The problem
Retype exactly the span of lines below from the one with "If I take n₀" through the one with "Thank you very". Do not include pictures.

(Saved entries)
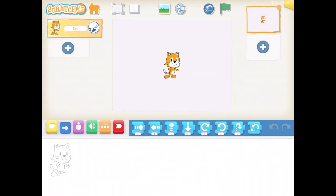Hi, everyone. Welcome to Scratch Junior. Today we are going to extend on the skills in my past videos. Our challenge question for today is: can I make my character dribble a basketball?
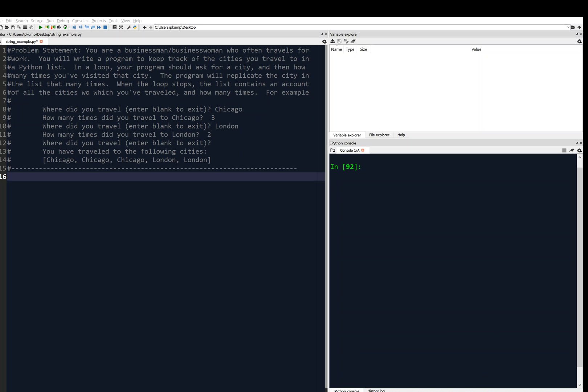Hey everyone, we've been talking about lists and I've got an example here. We are a businessman or businesswoman who often travels for work and we're going to write a program to keep track of the cities that we travel to in a Python list.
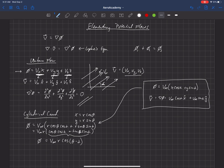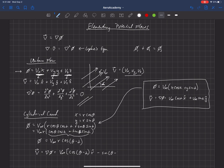Taking the gradient of phi in cylindrical coordinates gives us the velocity field. The result is v equal to v-infinity times cosine(theta minus alpha) in the r-direction, minus v-infinity times sine(theta minus alpha) in the theta-direction, and zero in the z-direction, where v-infinity is multiplied through the entire expression.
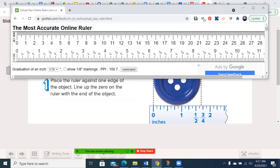Inches, because we like to be confusing, use fractions. So the biggest numbers are going to be your whole numbers, your one inch. Then, even if they don't label, your next tallest line will usually be right in the middle of each of the two inches, and that's a half inch.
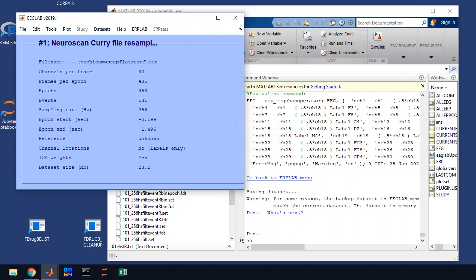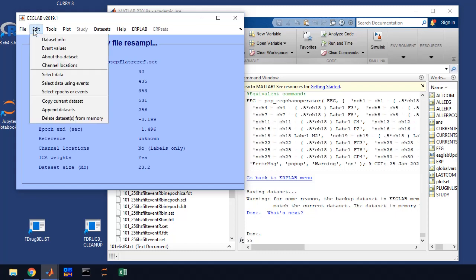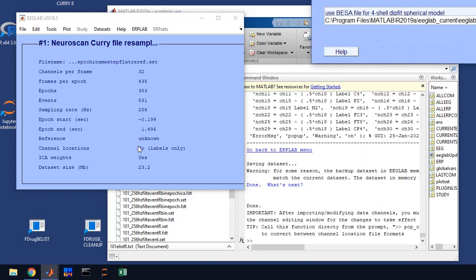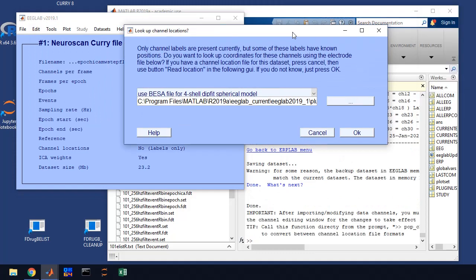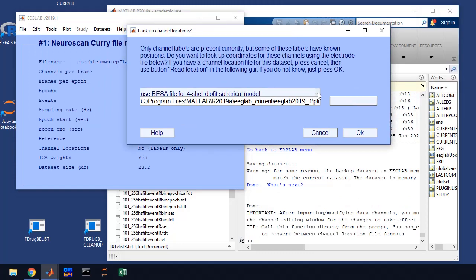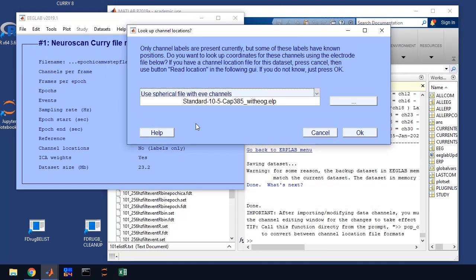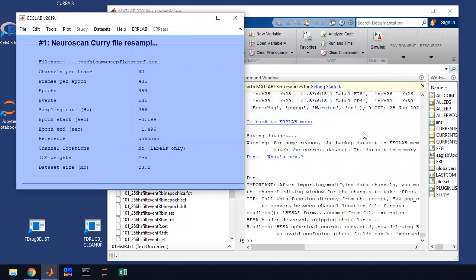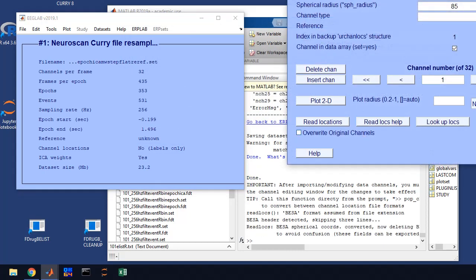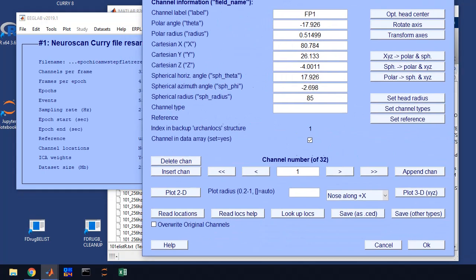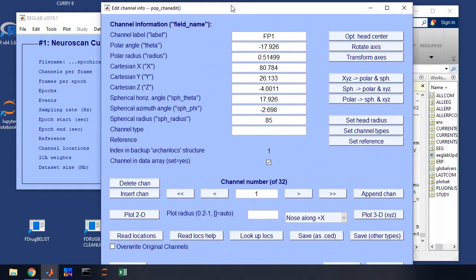Now one of the things that re-referencing does, you'll see that we lose our channel location. So now we have to, and this will matter when we're doing topographic maps. So we go to edit channel locations, and we're going to get this window. You can just select use spherical file with i-channels, we click OK.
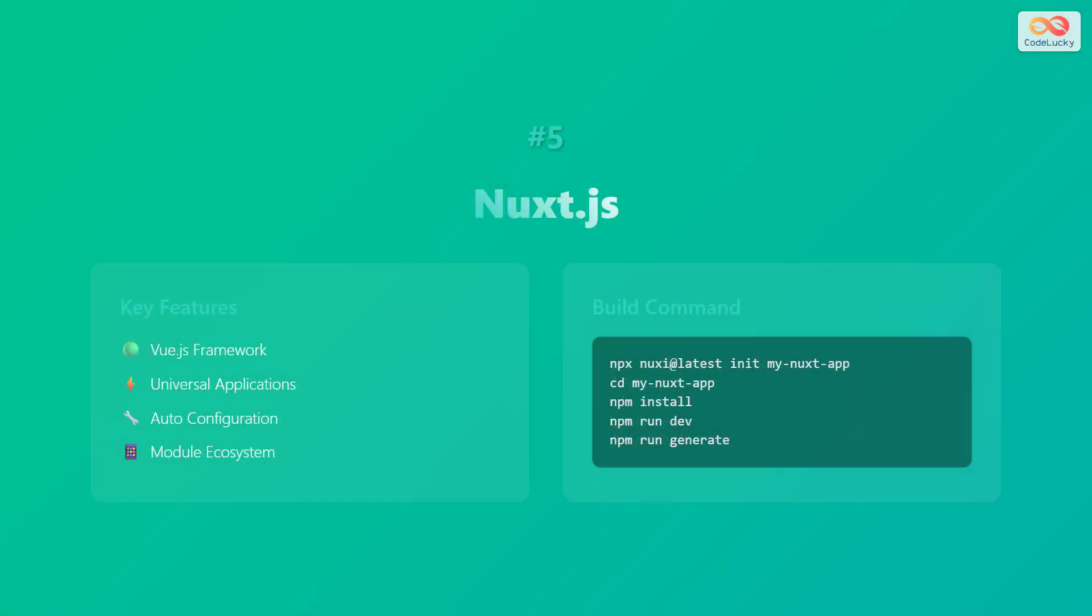Number five: Nuxt.js. Key features include Vue.js framework, universal applications, auto configuration, and module ecosystem.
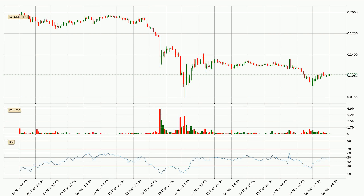Looking at the hourly relative strength index, the current hourly RSI is at 49, so it doesn't show signs of overbought or oversold conditions at this point.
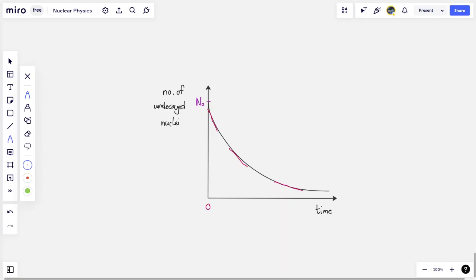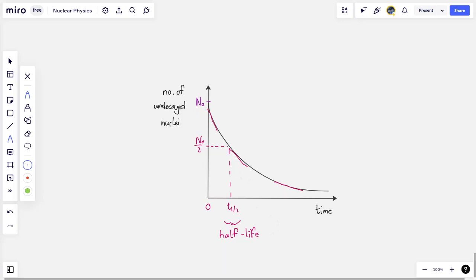If I take n₀ and divide it by 2, the time it takes for half the particles in a substance to decay is called the half-life of that substance. The longer the half-life, the more stable the particle — it won't undergo many decays in a long space of time. The shorter the half-life, the more radioactive the particle is. n₀ over 2 corresponds to one half-life, n₀ over 4 to two half-lives — we give it the symbol t-half — and n₀ over 8 to three half-lives, and so on.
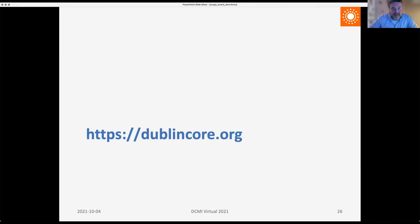Thank you very much, Tom — wonderful to see the actual history and depth of what the usage board has done, and how things have evolved over the years. That does bring us to the end of our session. Thank you to everyone who attended and to all our speakers, especially those who got up very early in the morning to present. The next session in 10 minutes will be our closing keynote from Carol Palmer from the University of Washington, followed by final remarks from Sam Oh, DCMI Executive Director.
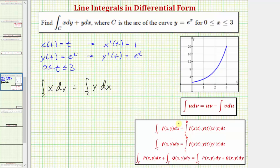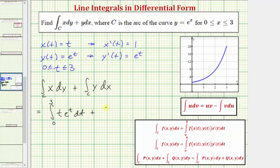For our next step, we'll write the integrand as a function of T using the parametric equations, where dX equals X prime of T DT and dY equals Y prime of T DT. So for the first line integral, we'll have the integral of T — since X equals T — times E to the T DT, with limits of integration from zero to three. Then we'll have plus the integral of E to the T — since Y equals E to the T — times one DT, with limits also from zero to three.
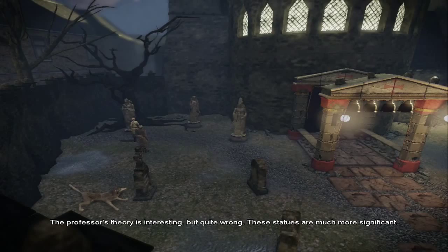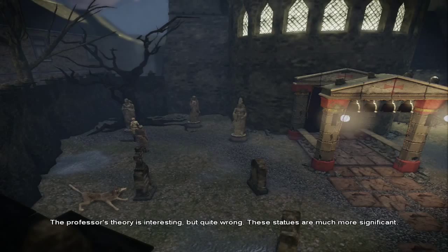The professor's theory is interesting, but quite wrong. Here, boy. These statues are much more significant.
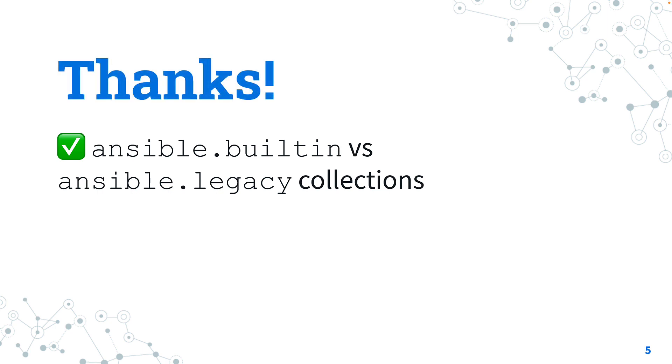Thank you for watching. I hope this lesson was useful for you. See us on the next lesson and have a great automation day. Yay!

Reply to the task
If I take n₀ and divide it by 2, the time it takes for half the particles in a substance to decay is called the half-life of that substance. The longer the half-life, the more stable the particle — it won't undergo many decays in a long space of time. The shorter the half-life, the more radioactive the particle is. n₀ over 2 corresponds to one half-life, n₀ over 4 to two half-lives — we give it the symbol t-half — and n₀ over 8 to three half-lives, and so on.
Thank you very much, Tom — wonderful to see the actual history and depth of what the usage board has done, and how things have evolved over the years. That does bring us to the end of our session. Thank you to everyone who attended and to all our speakers, especially those who got up very early in the morning to present. The next session in 10 minutes will be our closing keynote from Carol Palmer from the University of Washington, followed by final remarks from Sam Oh, DCMI Executive Director.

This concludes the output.